Seems to work in exui and Qwen 2.5 32B Instruct, trying it with: https://huggingface.co/DrNicefellow/Qwen2.5-32B-Instruct-4.25bpw-exl2

It repeats like crazy at 80K context without this PR, and seems quite coherent with it, but consider this a WIP testing PR! I'm just an end user.

Downtown-Case commented 1 month ago

Testing in exui, I noticed that it only calculates the inv_scaling factor once, for the first generation, and never touches this code again.

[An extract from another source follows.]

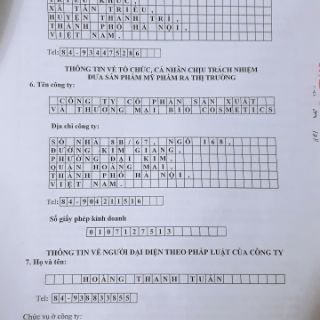Kem dưỡng trắng da Face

Does a trigger need to be placed somewhere to recalculate the scaling factor for every generation, or is this working as intended? It doesn't actually use the current context length anywhere in this (or the transformers) code.

Downtown-Case commented 1 month ago

I'm still trying to wrap my head around the transformers/vllm implementations and what qwen put in the config... original_max_position_embeddings is not actually used in transformers, but rather is only read in vllm to derive a max context: original_max_position_embeddings

I guess the assumption is that users will not change max_pos_embeddings, but simply add that yarn field and have vllm silently set a 128K context... but if they do change it in the config, it's there just in case?

Is max_pos_embeddings in the code supposed to be 32K, since that's how it's configured by default in Qwen instruct when transformers loads it? https://github.com/huggingface/transformers/blob/2e24ee4dfa39cc0bc264b89edbccc373c8337086/src/transformers/modeling_rope_utils.py#L192

Downtown-Case commented 1 month ago

I'm overthinking this. It appears transformers simply grabs max_position_embeddings and calculates static scaling factors from that, which must the the "dynamism" the Qwen team refers to instead of just multiplying the base ctx by the scaling factor like vllm does.

And that static factor transformers uses is apparently good enough without having to recalculate it for different sequence lengths? As the paper says:

"Furthermore, it has zero overhead during both inference and training, as RoPE embeddings are generated in advance and are reused for all forward passes."